Sounds like a good idea - I'll have my S95 with me.
Especially the histogram might help a lot to see the scenes luminosity distribution in a more technical way.
Since you have a Canon this opens up yet another option. You can load the Canon Hack
software onto a memory card which then enables all sorts of options such as a live RGB histogram, clipping indicators, Zebra mode which highlights all the blown and blocked up parts of a scene, and various other fun things.
Velvia was the trickiest film I ever used. The only way I could be sure of getting an optimum exposure was to bracket.
But it gets worse, what looked to be the optimum exposure on the lightbox was often not the optimum exposure for scanning. And it gets even worse, the optimum exposure for scanning depended on the type of scanner. Flatbed scans couldn't extract anything like the shadow detail of drumscans.
Boy did I find out about that one the hard way.
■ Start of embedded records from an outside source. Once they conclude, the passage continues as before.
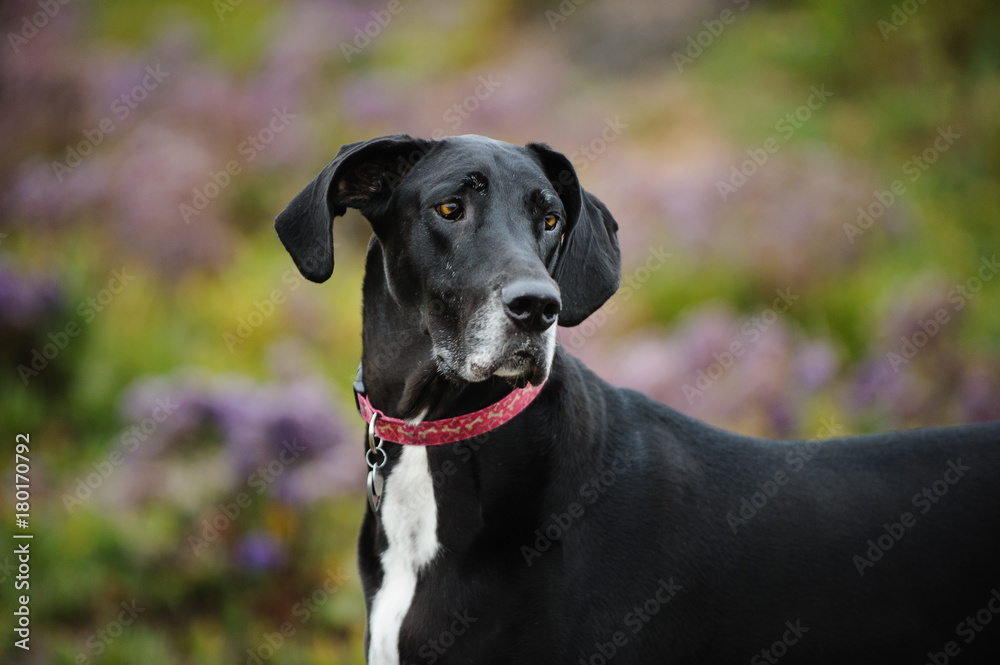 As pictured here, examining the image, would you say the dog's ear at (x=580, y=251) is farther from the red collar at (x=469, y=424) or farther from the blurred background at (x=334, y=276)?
the blurred background at (x=334, y=276)

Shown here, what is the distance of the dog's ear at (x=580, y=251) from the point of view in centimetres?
235

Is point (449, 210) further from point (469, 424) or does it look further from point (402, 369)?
point (469, 424)

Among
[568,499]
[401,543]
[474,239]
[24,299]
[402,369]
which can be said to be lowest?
[24,299]

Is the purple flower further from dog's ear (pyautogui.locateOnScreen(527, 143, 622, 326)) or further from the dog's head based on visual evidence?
dog's ear (pyautogui.locateOnScreen(527, 143, 622, 326))

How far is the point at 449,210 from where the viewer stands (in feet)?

After my initial struggles I finally managed to get pictures which looked great on my slide projector only to have them look like complete crap when I tried to scan them. Then again I have a cheap consumer level scanner which is only used for sharing photos on the web, when I had the same pictures scanned by someone using a Nikon 9000ED the results were a lot better but it still flaked out on a few pictures. I've considered having one of those frames drum scanned just to see how it turns out but haven't gotten around to it yet.